Solamente desde una perspectiva de una seguridad ante la caída es donde el individuo será capaz de arriesgar de cara a acometer proyectos de mayor envergadura. No quiere decir esto que se elimine el riesgo. La supresión del peligro solo nos llevaría a una sociedad algodonada y fútil, constituyendo un estado de las cosas aún peor que aquel que nos depararía una humanidad que solo valorara la fuerza de voluntad de sus individuos. Considerando el “querer” como “amor” y este a su vez como “acto donativo”, el ser humano ciertamente arriesga -por tanto, existe la posibilidad de la caída cuando su objetivo no alcanza su cumplimiento- pero si ha experimentado el “querer” incondicional de otro, sabe que el valor de las acciones que lleve a cabo no altera su valor intrínseco, porque es querido tal y como es.

Por tanto, la frase “todo empieza cuando tú quieras” nos sitúa en una bifurcación de caminos que plantean dos visiones del mundo parcialmente antagónicas. Una en la que el verbo “querer” es sinónimo de fría realización de la voluntad y otra en donde el amor se marca como principio de todas las cosas. Esta, permitirá al individuo intentar llevar a cabo objetivos cada vez más ambiciosos, porque se hacen desde la perspectiva de la entrega, en donde lo que importa no es lo que se consiga, sino el individuo en sí. En cambio, si nos acogemos a la primera, los desafíos que nos plantearemos serán siendo cada vez más pequeños, por el miedo al tribunal de una sociedad férrea y puritana que no acepta individuos mediocres.
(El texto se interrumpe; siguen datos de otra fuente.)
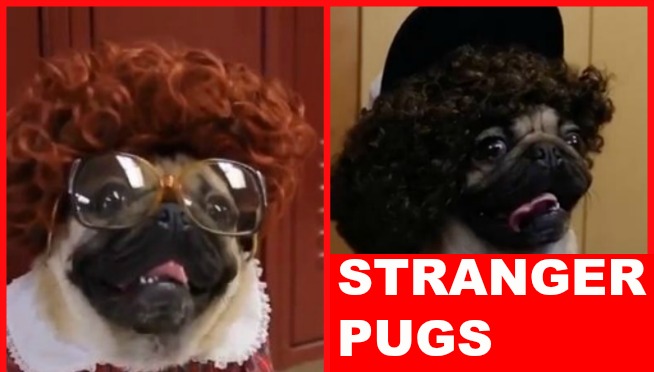 #CUTEDOGTVSHOWS Stranger Things + Cute Pugs: STRANGER PUGS (Video)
Ante este hecho, podemos afirmar que, verdaderamente, “todo empieza cuando tú quieras”, ya que las posibilidades que se le presentan a un individuo que es amado por sí mismo, hace que se le abran una multitud de panoramas que, ante la perspectiva de un juicio agresivo y violento en una sociedad implacable y pragmática, no existirían. Una humanidad que idolatra la rentabilidad y el beneficio, condena de antemano a una larga lista de individuos que podrían beneficiar a toda la especia humana, pero que un miedo razonable a ser demonizado por una agresiva opinión pública, paraliza e impide que lleven a cabo sus proyectos. En cambio, si verdaderamente hacemos nuestro que el fracaso es vehículo de enseñanza y no lo convertimos en un final definitivo, veremos cómo el progreso de toda la especia humana se acelera. Nacerán más Walt Disneys, Steve Jobs o Pablos Picassos? Pero sobre todo, no dejaremos que mueran aquellos ya han nacido pero que condenamos cuando fracasan al dar sus primeros pasos.